If your rabbit is male, it is also a great idea to get him neutered. An unneutered male rabbit without any female company might get a little overly excited and try to mount your chickens. According to Backyard Chicken Coops, it happens fairly often. If you are raising rabbits to breed, just make sure your studs have enough female company to keep your chickens comfortable.
Regardless of the habits of both animals, it’s always a good idea to keep a close eye on them, particularly when they’re first introduced. If you notice that either animal becomes violent or reactionary or tends to hide out a lot, your pets might not be a good match for each other. Chickens that regularly peck at rabbits might be too aggressive, and cause the rabbit to become antisocial.
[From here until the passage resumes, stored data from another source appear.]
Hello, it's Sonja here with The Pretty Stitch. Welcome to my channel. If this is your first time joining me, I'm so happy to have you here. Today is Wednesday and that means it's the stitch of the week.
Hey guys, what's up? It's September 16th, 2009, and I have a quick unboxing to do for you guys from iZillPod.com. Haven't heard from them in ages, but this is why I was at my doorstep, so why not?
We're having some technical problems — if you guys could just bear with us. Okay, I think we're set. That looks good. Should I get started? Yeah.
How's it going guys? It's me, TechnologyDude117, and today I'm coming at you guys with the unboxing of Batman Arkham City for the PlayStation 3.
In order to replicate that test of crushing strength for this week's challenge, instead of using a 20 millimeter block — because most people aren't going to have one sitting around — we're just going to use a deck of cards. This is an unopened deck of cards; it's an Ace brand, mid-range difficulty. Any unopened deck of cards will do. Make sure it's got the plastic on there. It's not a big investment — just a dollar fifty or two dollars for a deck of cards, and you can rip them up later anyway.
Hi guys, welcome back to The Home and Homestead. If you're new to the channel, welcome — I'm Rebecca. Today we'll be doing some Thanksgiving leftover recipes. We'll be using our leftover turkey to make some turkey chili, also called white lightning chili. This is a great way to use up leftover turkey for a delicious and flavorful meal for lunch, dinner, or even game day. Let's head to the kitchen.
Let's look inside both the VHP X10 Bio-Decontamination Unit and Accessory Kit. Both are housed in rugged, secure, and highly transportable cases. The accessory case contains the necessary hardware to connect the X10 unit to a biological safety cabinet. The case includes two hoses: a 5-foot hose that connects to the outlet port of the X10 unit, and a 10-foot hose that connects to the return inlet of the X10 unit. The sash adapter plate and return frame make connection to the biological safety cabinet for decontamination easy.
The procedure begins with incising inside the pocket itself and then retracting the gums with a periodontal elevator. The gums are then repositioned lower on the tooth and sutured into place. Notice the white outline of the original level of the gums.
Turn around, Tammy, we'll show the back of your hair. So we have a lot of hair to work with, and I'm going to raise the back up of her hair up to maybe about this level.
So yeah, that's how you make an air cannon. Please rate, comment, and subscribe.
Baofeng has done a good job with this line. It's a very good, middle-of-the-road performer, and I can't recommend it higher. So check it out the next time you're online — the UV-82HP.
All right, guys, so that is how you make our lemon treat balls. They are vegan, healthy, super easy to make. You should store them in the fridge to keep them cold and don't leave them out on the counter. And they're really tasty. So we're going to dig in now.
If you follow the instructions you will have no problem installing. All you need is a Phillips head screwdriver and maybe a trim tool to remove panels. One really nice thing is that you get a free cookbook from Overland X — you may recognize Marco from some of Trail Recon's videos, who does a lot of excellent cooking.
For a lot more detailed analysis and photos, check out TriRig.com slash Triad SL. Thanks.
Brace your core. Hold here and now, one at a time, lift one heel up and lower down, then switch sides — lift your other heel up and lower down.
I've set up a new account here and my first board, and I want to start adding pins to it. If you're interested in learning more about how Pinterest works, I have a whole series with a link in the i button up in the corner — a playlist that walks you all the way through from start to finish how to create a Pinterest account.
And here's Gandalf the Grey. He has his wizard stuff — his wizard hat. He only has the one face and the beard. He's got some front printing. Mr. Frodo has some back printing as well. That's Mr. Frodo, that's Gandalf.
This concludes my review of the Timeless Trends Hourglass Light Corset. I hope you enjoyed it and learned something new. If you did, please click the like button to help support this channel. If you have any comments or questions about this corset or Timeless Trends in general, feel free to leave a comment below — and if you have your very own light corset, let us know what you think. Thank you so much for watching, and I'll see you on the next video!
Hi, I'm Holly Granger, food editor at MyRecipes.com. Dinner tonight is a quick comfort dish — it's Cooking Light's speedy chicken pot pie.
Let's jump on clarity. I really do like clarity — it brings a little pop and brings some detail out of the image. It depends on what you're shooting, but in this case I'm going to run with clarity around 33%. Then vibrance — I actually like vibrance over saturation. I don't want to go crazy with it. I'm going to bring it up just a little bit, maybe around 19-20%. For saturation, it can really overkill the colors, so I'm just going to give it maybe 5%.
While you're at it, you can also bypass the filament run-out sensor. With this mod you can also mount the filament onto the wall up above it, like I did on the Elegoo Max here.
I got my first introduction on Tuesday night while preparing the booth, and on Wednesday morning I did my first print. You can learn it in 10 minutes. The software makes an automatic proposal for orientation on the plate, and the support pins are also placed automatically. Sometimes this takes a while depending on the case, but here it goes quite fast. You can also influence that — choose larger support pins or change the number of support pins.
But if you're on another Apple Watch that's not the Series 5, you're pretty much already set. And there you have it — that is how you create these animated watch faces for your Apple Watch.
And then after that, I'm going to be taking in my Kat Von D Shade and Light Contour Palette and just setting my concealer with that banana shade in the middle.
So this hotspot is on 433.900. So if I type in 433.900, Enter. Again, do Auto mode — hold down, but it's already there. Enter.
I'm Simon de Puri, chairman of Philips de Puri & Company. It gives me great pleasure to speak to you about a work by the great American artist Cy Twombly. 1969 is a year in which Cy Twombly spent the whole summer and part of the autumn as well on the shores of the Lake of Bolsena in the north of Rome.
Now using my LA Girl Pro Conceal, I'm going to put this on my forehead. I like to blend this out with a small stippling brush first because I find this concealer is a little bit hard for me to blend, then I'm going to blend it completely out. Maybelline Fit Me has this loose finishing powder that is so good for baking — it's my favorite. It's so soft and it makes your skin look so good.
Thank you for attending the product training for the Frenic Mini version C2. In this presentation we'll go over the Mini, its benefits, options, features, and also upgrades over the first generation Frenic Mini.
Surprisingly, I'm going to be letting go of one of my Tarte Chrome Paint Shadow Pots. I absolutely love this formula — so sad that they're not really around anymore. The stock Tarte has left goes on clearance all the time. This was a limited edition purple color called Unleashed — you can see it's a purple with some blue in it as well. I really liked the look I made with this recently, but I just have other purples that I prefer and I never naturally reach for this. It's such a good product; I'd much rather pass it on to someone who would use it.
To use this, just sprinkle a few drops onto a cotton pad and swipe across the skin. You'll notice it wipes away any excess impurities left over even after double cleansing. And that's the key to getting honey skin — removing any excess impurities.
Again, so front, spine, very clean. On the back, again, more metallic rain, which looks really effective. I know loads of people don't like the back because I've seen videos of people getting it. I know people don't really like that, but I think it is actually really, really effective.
Giving both plenty of space to roam about will help ease any potential tension, but it can’t solve everything.
Another factor to consider before running rabbits and chickens together is illness. It may come as a surprise, but chickens and rabbits can actually transmit diseases between one another. According to Dr. Jacquie Jacob from the University of Kentucky, rabbits and chickens often carry diseases that can be shared and spread across species.
One particular example of this is Pasteurella multocida, or P. multocida. More commonly known as the “snuffles,” P. multocida is very common in rabbits and can spread to chickens. When the chickens become infected with P. multocida, they often contract a form of cholera. The chickens then give the rabbits cholera. For this reason, it might be a good idea to keep them apart.
If you are still considering keeping rabbits and chickens together, but are concerned about illness, there are a few things you can do. Making sure that they are kept separate at night, keeping the pens clean of droppings, and keeping each animal’s hay and food separate will minimize risk. It’s also a great idea to talk to a veterinarian about how best to care for both types of creatures in one small homestead. Some vets even specialize in farm animals like chickens and rabbits, and might be able to give you recommendations.